__Work order__. Retype every line from the one containing "26 AMBROSIA PATH, St. Thomas, Ontario" through the last line of the records below, both included; leave out the pictures.

(Pictures with short captions)
[Start of Attachment]

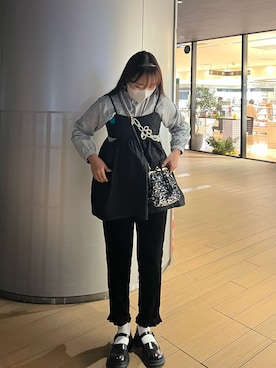 ココネさんのコーディネート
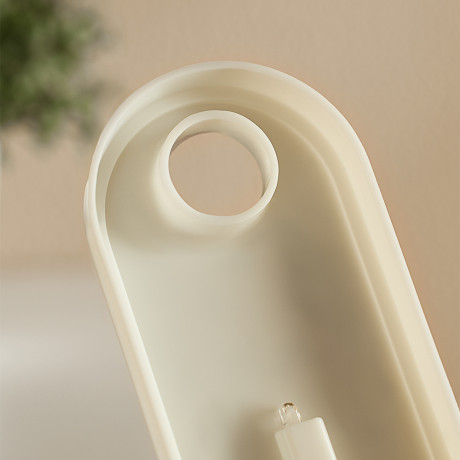 Термометр комнатный тм VETTA, Цветы, пластик, 19х4см, на блистере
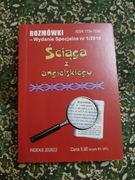 Ściąga z angielskiego rozmówki wydanie kieszonkowe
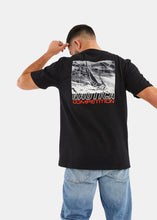Load image into Gallery viewer, Faxon T-Shirt - Black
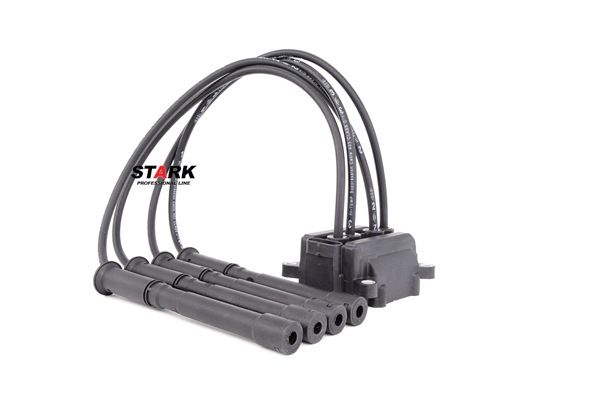 STARK SKCO-0070075 Strømfordelerdæksel 1.2 16V (LS1N, LS02, BS02) 75 HK D4F 732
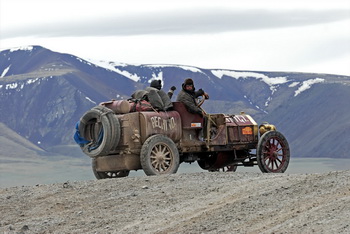 ITALA 40 PEKING TO PARIS 1907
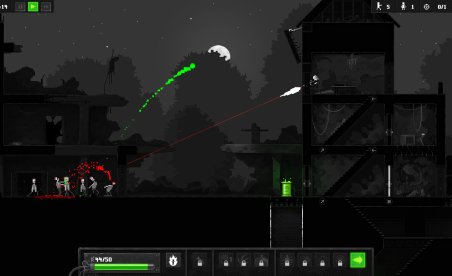 Zombie Night Terror (+4 Trainer)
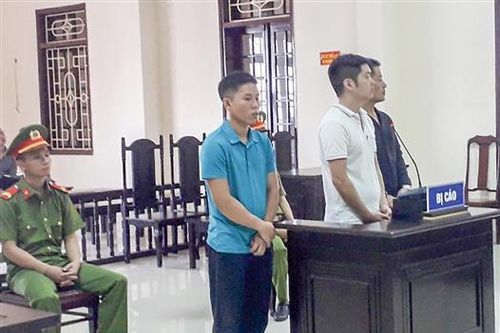 Xét xử vụ cho vay nặng lãi trong giao dịch dân sự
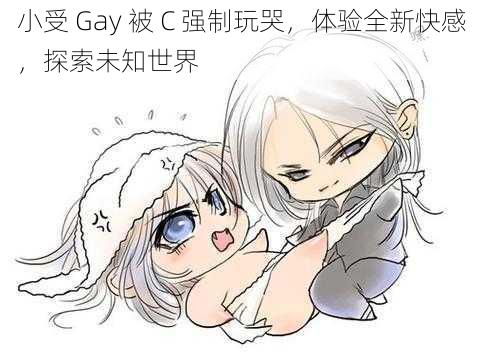 小受 Gay 被 C 强制玩哭，体验全新快感，探索未知世界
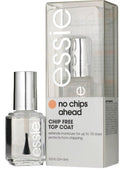 ESSIE NO CHIPS AHEAD TOP COAT .46 OZ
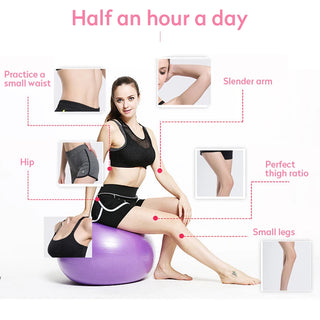 CoreLift Balance Yoga Ball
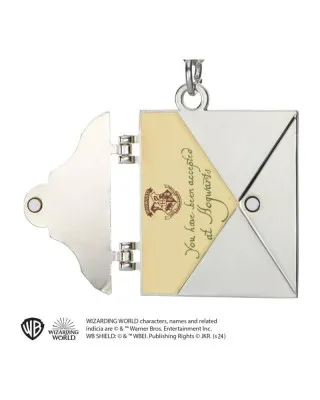 Privezak Harry Potter - Hogwarts Acceptance Letter 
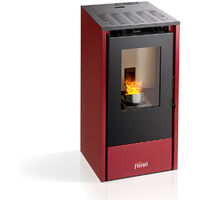 Estufa de pellets Lira Slim Ferroli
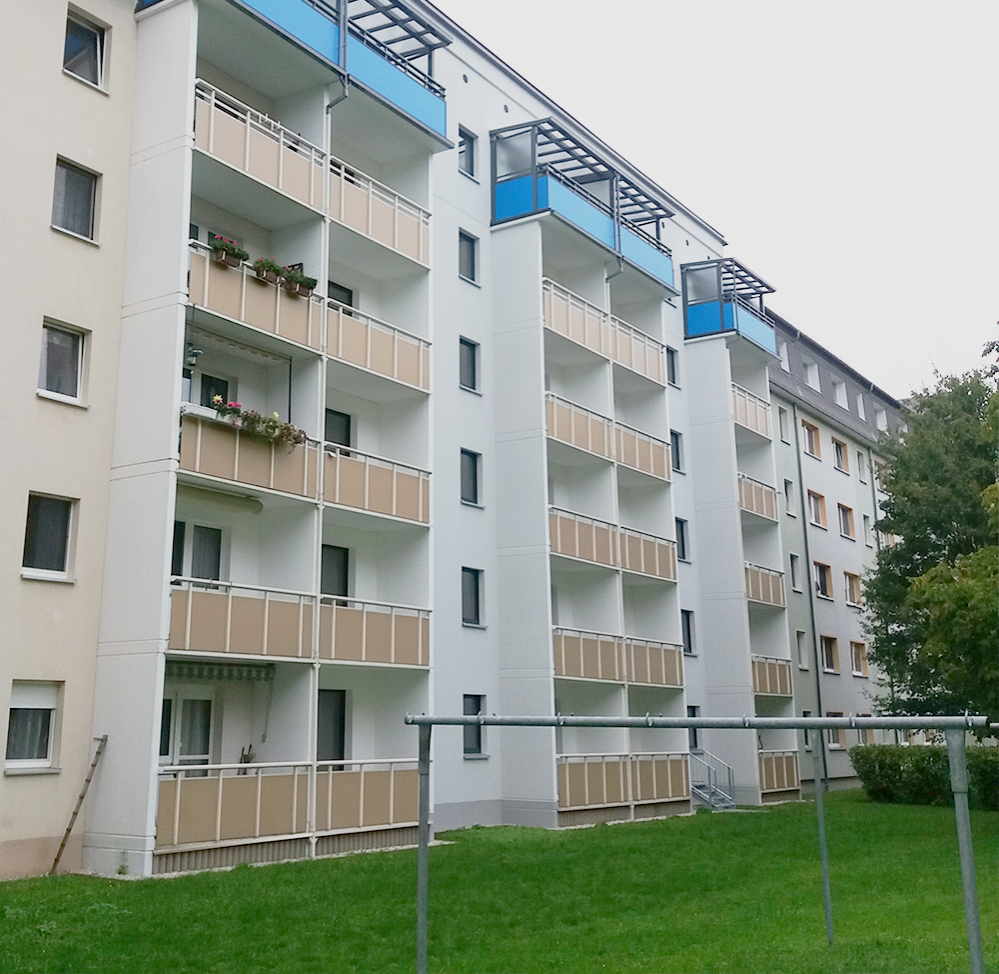 Industrie- und Gewerbebereich Referenz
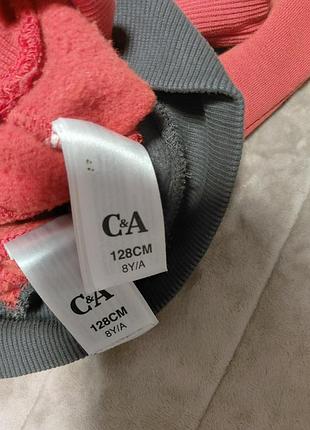 Худи свитшот c&amp;a 5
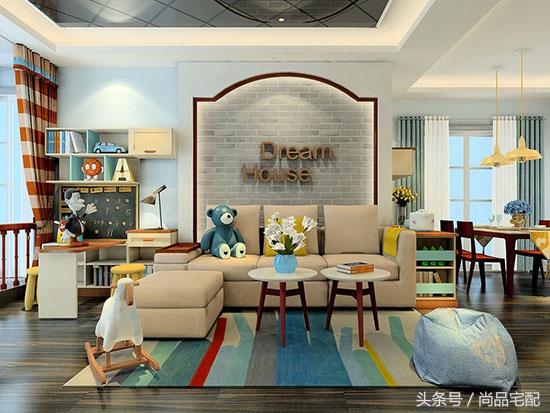 设计师讲述方案的技巧和方法,好看实用的沙发搭配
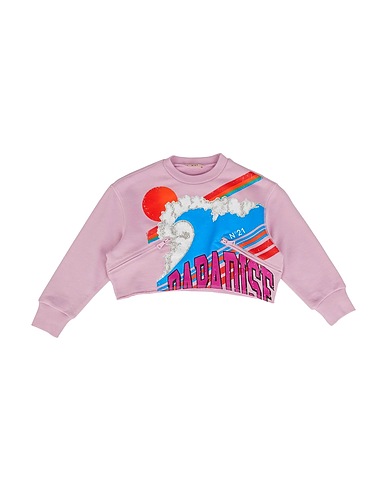 MARNI Sweatshirt Lilac 100% Cotton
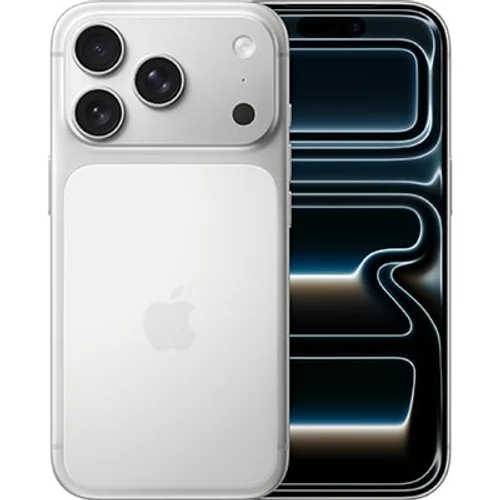 Apple iPhone 17 Pro 1TB zilver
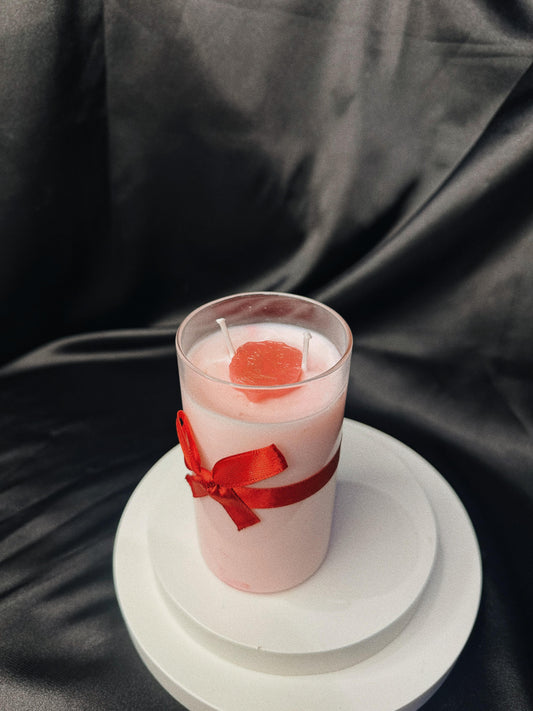[LAST 2] [LIMITED EDITION] Nymph Fae: Velvet Bloom Soy Scented Candle
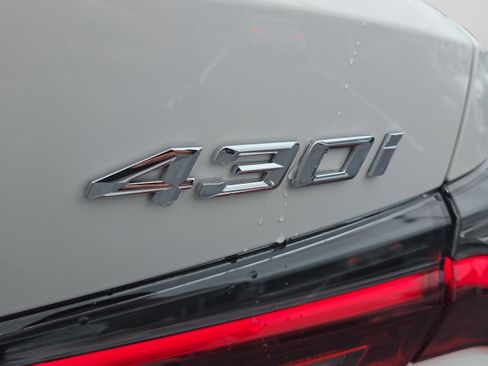 Certified 2024 BMW 430i Gran Coupe xDrive w/ Convenience Package AWD/4WD image 37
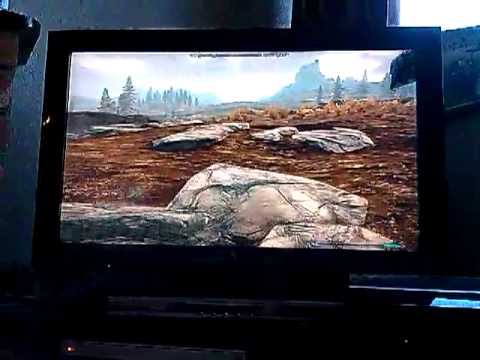Skyrim Giant Chasing Tutorial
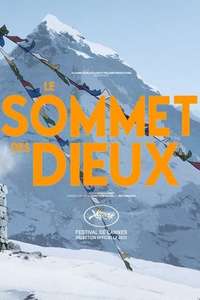 The Summit of the Gods - Poster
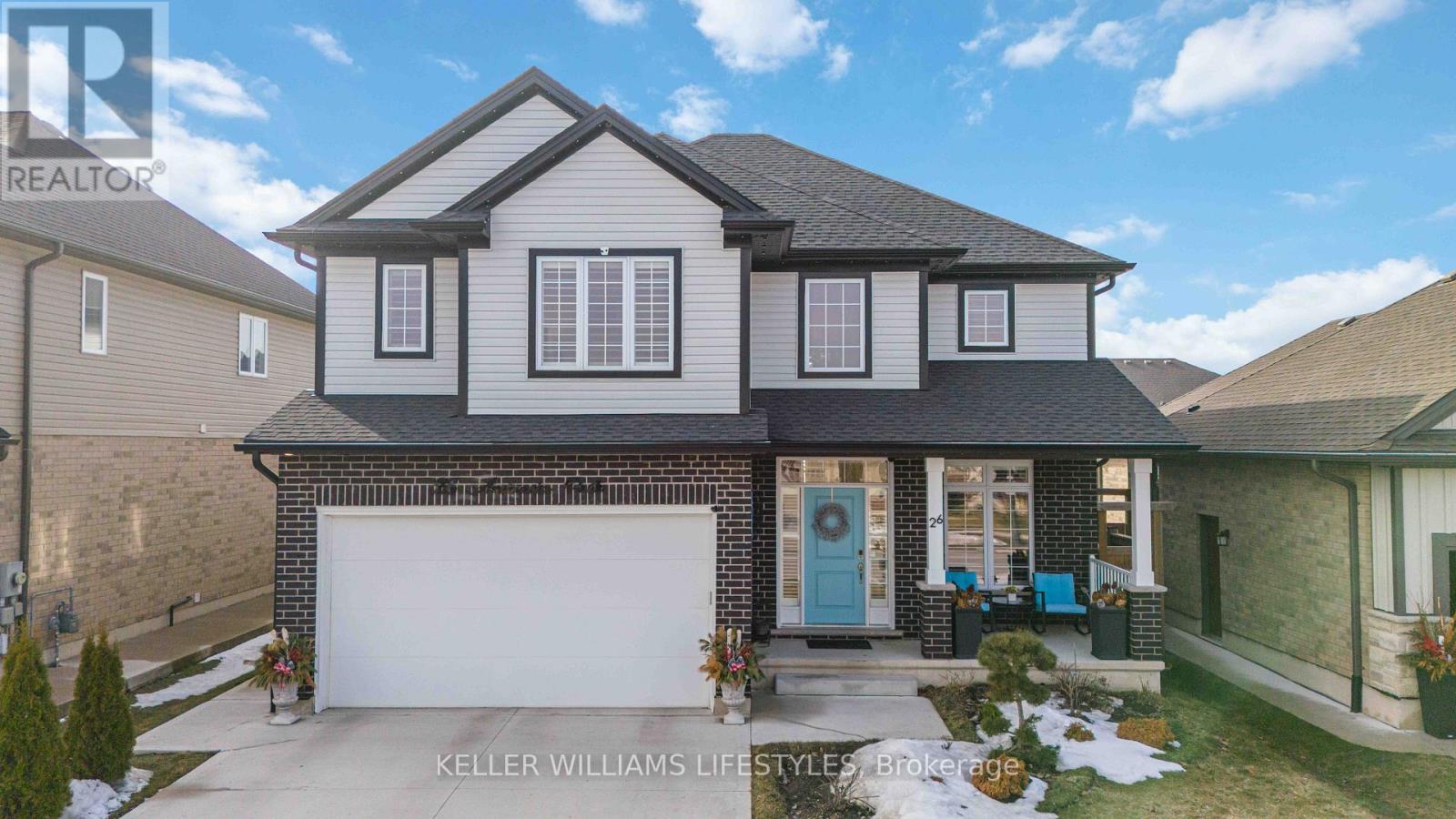 26 AMBROSIA PATH, St. Thomas, Ontario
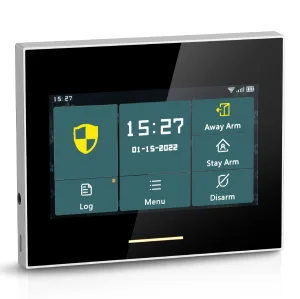 EVOLVEO Alarmex Pro, chytrý bezdrátový Wi-Fi/GSM alarm - obrázek 5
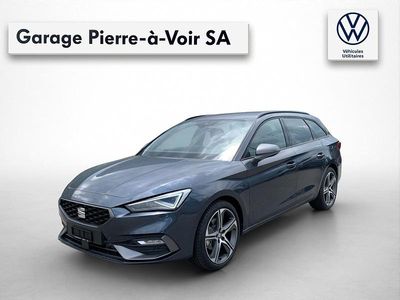 Gebraucht Seat Leon ST FR 150 PS (110 kW) 2024 Anthrazit Kombi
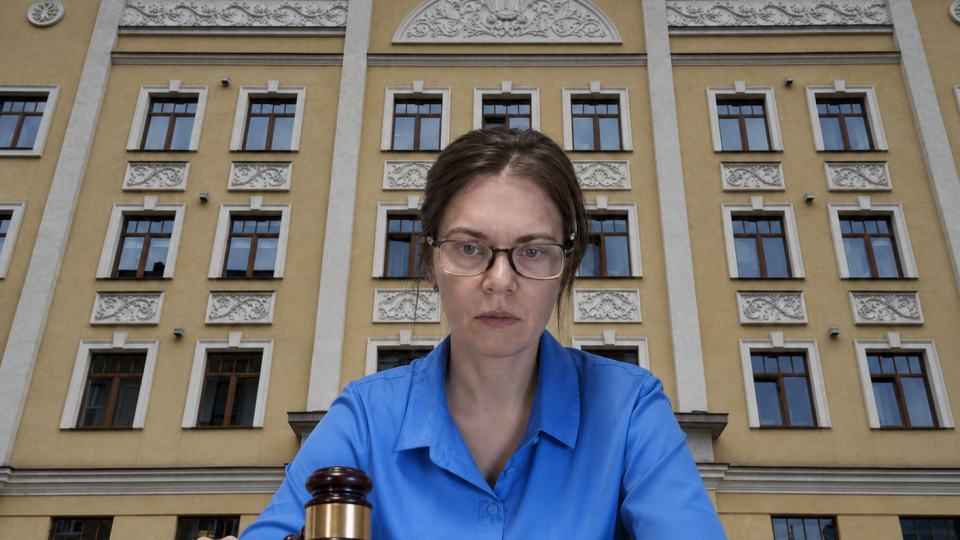 ВСП уволил судью из Одесской области Наталью Чебан, которая выехала в Норвегию и не вернулась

[End of Attachment]

__Your response__.
 26 AMBROSIA PATH, St. Thomas, Ontario
 EVOLVEO Alarmex Pro, chytrý bezdrátový Wi-Fi/GSM alarm - obrázek 5
 Gebraucht Seat Leon ST FR 150 PS (110 kW) 2024 Anthrazit Kombi
 ВСП уволил судью из Одесской области Наталью Чебан, которая выехала в Норвегию и не вернулась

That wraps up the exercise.